Andy -- let's call him Andy -- based his view on (1) Bradshaw's statistics didn't measure up to some of the game's greats and (2) Bradshaw played on great teams that made him look better than he was.
OK, fine. Yes, Terry's passing accuracy wasn't always sharp. Yes, the Pittsburgh Steelers of the 1970s were tremendous in almost every way.
And there is no way -- as our 3-year-old grandson Jacob often says -- no way, the Steelers would have won those four Super Bowls (and lost none) without Terry Bradshaw at quarterback.
It's no accident Terry was the first Super Bowl QB in history with a 4-0 record. Maybe he was just one of the guys in the Steelers' first Super Bowl win in the 1974 season. But somebody threw those long passes Lynn Swann caught in the next Super Bowl, and Terry was the game MVP in the last two Super Bowls he played in.
Here's how I feel about him: He's the best athlete I ever covered.
Plus, he was one of the most fun guys to be around -- from junior high through high school and college. He was always outgoing and upbeat, loose and kind of crazy funny. And not malicious at all.

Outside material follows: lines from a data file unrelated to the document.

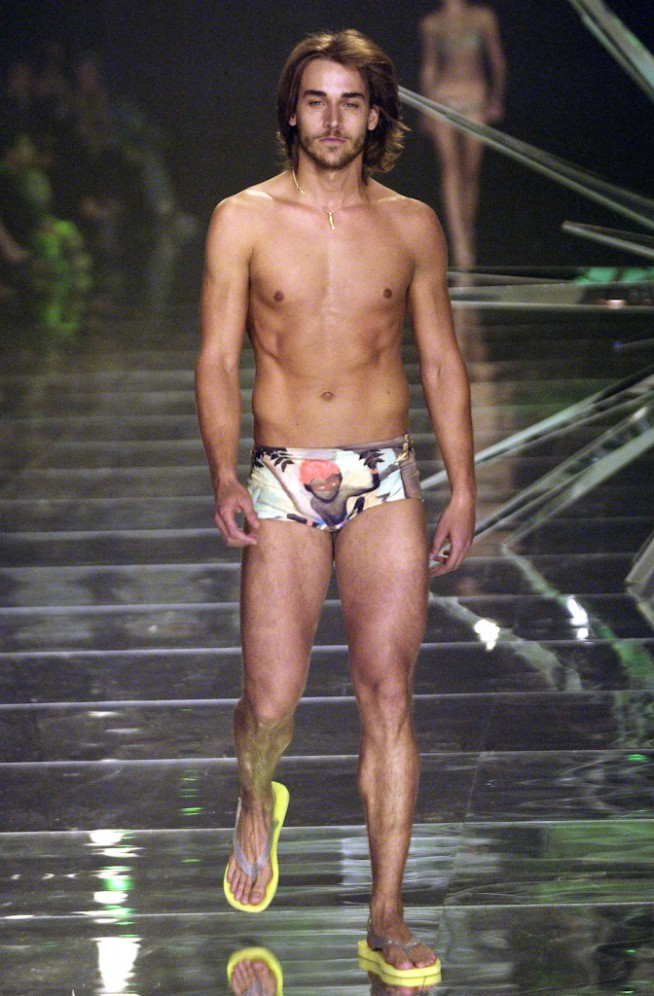 desfilesalta-rosacha-spverao2004rtw-105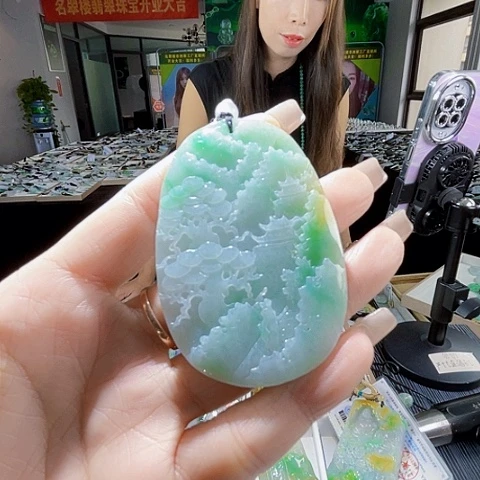 颈饰未镶嵌翡翠一个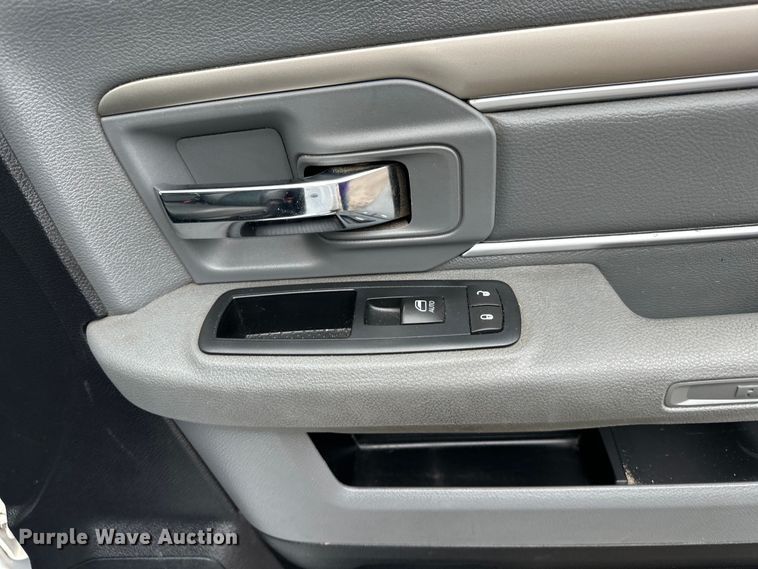 image for item EG1637 2015 Dodge Ram 5500HD bucket truck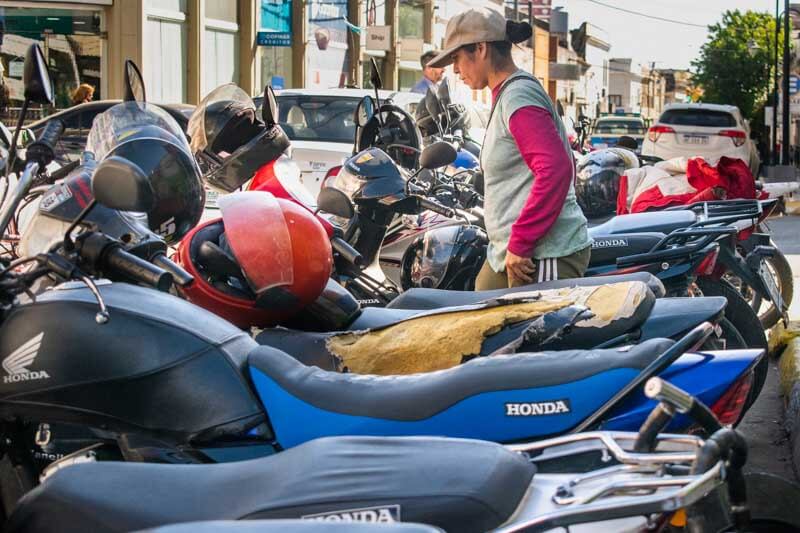 Este trabajo, muchas veces subestimado, es vital para evitar robos y daños en las motos.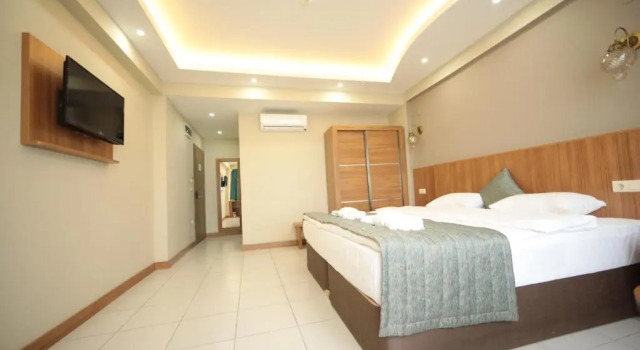 Люкс Fatsa Safi̇r Otel
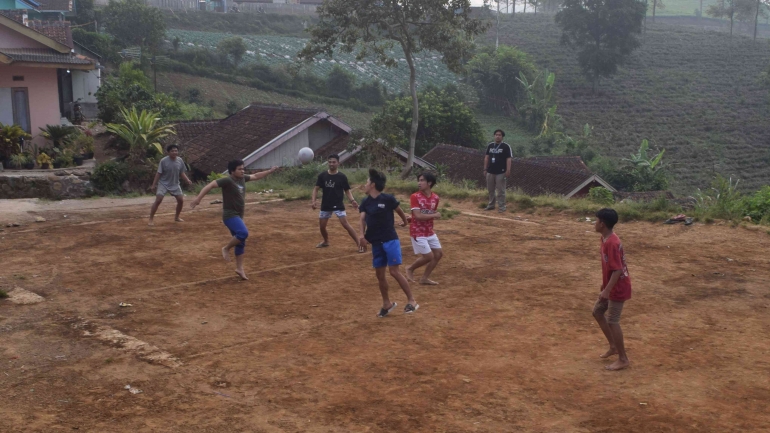 Menjadikan tubuh lebih aktif bergerak dengan bermain bola pada kegiatan KKN Tematik UPI 2022/Dokpri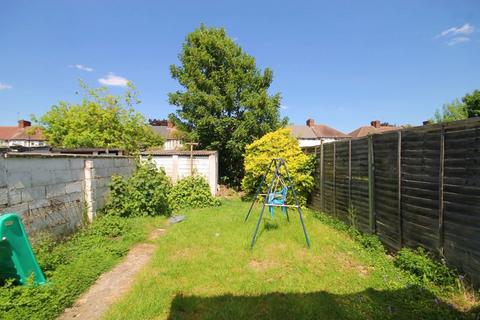 25 Fraser Road, Perivale, Greenford, UB6 7AJ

Those of us in school with him -- at Oak Terrace, Woodlawn and Louisiana Tech -- could always see the potential. In my case, I was a year ahead of him, but it didn't take long to see that the tall, thin guy with the snow-white flattop could throw a football harder than anyone else. Much harder. Even harder than our starting quarterback, Trey Prather -- and Trey could throw it.
I found out real quick not to try to catch balls from Terry in warmups. He didn't ease up, even for 5-foor-2, 115-pound team managers.
For nine years, it was my great fortune -- mine, and many more people in Shreveport and North Louisiana -- to watch Terry Bradshaw play football.
And there was this: The perception, the kids' perception, was that Terry wasn't very bright. That would follow him for a long, long time ... into college, into the NFL. (We know now how very wrong that was.)
But, oh, that potential. We saw it first-hand in his junior year, in a varsity game against West Monroe at (then) State Fair Stadium. I can see the pass now, sailing high and arched perfectly 60 yards in the air, right in Tom Hagin's hands on the right sideline headed north (toward Fair Park High, for those who remember the stadium setup). Touchdown.
We went from 1-9 and 3-7 in his first two years to 9-2 with him as the starter as a junior. And if you think the "Immaculate Reception" to Franco Harris with the Steelers was a great play, think again. It was a lucky play, a lucky bounce. The greatest play of Bradshaw's career was the 82-yard pass to Ken Liberto -- one of my best friends for all those years in school -- in the last minute of the 1968 State Fair Game with Northwestern State, turning a sure 39-35 loss into a glorious, forever-remembered 42-39 victory.
He went into television full-time, as an NFL (and sometimes college football analyst). He became a pitchman for all sorts of products, a sought-after speaker ... he became what he'd always sort of been, an entertainer.
I haven't seen or talked to Terry in 25 years. We're not close; we never were. He doesn't do Woodlawn reunions, and I can understand why. I don't even know where he lives; I think it's in the Phoenix area. He used to be in Westlake, near Fort Worth, and I know he had places in Oklahoma and a long time ago the ranch in Grand Cane (near Shreveport).